What to produce:
In the records below, find the line containing "20 x 20 inches". Restate it and all the lines after it exactly, and omit the rest.

Data for this exercise below:

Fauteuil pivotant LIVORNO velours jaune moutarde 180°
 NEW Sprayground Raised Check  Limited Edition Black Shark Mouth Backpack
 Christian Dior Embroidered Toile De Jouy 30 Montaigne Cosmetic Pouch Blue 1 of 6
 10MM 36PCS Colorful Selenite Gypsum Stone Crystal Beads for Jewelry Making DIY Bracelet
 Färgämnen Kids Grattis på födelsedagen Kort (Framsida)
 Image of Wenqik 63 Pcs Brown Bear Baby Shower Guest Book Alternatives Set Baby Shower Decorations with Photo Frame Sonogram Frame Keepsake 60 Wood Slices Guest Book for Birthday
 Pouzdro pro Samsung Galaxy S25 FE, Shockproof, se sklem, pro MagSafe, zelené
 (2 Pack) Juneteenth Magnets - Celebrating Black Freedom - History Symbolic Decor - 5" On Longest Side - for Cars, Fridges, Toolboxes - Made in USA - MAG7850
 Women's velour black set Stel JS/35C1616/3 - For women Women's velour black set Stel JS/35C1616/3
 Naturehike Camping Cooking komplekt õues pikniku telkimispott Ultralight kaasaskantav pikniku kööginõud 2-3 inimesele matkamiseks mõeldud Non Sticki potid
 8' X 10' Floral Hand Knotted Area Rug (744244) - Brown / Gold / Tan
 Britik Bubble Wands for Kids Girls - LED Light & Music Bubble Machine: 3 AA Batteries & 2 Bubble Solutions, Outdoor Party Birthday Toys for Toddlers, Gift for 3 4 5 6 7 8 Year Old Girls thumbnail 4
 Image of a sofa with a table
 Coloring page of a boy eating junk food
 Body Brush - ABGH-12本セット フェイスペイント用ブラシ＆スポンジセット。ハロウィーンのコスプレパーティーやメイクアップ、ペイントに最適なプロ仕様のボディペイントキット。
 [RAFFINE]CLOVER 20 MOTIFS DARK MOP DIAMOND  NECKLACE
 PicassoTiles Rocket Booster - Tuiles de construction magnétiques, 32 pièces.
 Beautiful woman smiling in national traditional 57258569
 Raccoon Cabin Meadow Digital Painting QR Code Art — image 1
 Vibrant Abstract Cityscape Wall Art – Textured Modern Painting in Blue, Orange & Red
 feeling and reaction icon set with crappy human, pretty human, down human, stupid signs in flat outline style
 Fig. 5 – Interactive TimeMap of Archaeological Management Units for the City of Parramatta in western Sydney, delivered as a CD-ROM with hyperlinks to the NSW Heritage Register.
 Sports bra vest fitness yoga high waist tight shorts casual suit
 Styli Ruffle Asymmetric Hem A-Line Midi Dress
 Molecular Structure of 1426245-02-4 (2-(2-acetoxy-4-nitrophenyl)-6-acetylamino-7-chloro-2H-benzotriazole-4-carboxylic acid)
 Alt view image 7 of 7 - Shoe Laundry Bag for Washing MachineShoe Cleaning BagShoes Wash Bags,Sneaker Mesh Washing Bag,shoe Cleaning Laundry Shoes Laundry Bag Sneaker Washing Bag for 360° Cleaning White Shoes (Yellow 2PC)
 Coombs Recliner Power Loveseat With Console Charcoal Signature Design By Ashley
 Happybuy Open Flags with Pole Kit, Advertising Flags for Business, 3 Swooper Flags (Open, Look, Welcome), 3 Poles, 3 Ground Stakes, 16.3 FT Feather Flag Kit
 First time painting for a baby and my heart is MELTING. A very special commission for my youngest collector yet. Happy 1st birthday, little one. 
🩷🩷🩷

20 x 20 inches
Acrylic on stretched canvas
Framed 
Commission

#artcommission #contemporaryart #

End of Data for this exercise.

Answer area:
20 x 20 inches
Acrylic on stretched canvas
Framed 
Commission

#artcommission #contemporaryart #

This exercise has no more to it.